Joining the annual meeting via Skype from their home in Utah, the Carsons are both 1957 graduates of Greencastle High School who are largely responsible for establishing the GHS Alumni Association, a group that now has a Foundation fund balance of more than $400,000 and has awarded $120,000 in scholarships.
Wearing a purple shirt, no doubt to show his legendary allegiance to GHS, John Carson is known as “Mr.

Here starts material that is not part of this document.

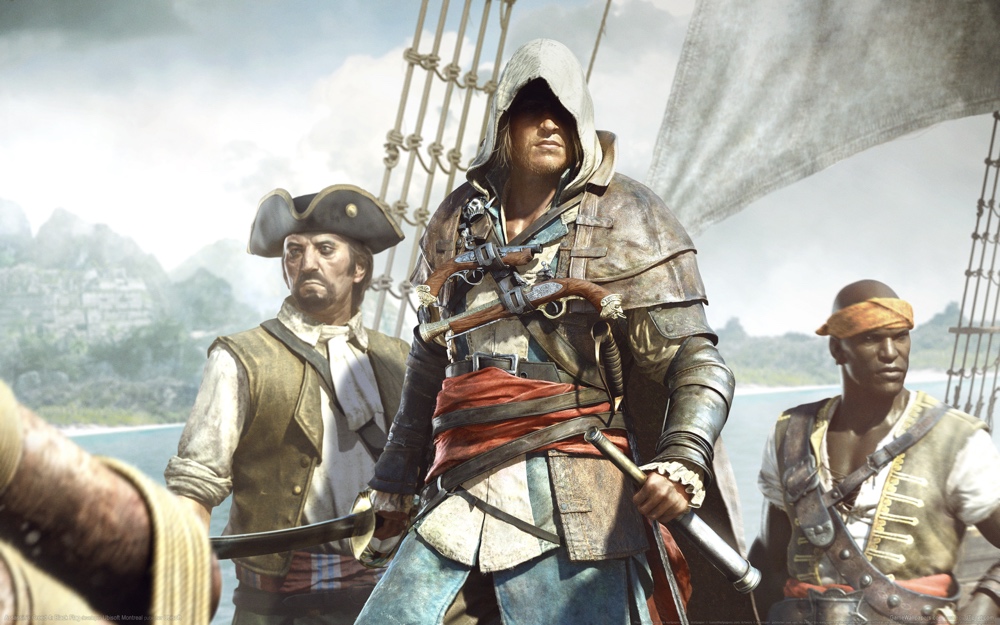 Assassins creed 4 black flag 18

Greencastle High School,” Peck said of a man who will always be remembered as one of the organizers and motivators of the famed “Undedication Game” that saw a final Tiger Cub basketball game played in the old Downtown Gym in 1988.
Despite leaving Greencastle to move to Utah to be closer to their daughters, the Carsons have maintained their local giving spirit, making a donation to the Foundation every year since 1993 after making their first gift in 1986.
The Carsons first became involved in the Foundation through the Clinton Township Scholarship Fund and the interest of brother-in-law John Brackney.
“Thirty years later,” Peck praised, “that scholarship has supported 32 students for all four years of college and awarded nearly $50,000 in scholarships.”
The current balance of the Clinton Township Scholarship Fund stands at $115,000, Peck noted.
Immediate past president Todd Lewis was also honored, receiving the Honorary Board Member Award for remaining “very, very dedicated to our community.”
During the annual meeting, Foundation members also re-elected Rick Bittles, Phil Gick, Mitch Proctor and Carolyn Mann as second-term board members with three-year terms ending Dec. 31, 2020.
Elected as a first-term board member with a three-year term ending Dec. 31, 2020 was Kate Knaul, while mayoral appointee Susan Lemon was named a one-year member with a term ending Dec. 31, 2018.
In the annual chocolate box raffle, Lisa Mock won the Citizens Eco-Drive Corso Two-Tone Watch donated by Steve Mason of Mason Jewelers, who then announced he was also providing a second men’s watch for her husband Mark. Meanwhile, Steve Fields won the recliner from Shuee’s Furniture and Mattress, represented by Carolyn Shuee and Lynn Taylor.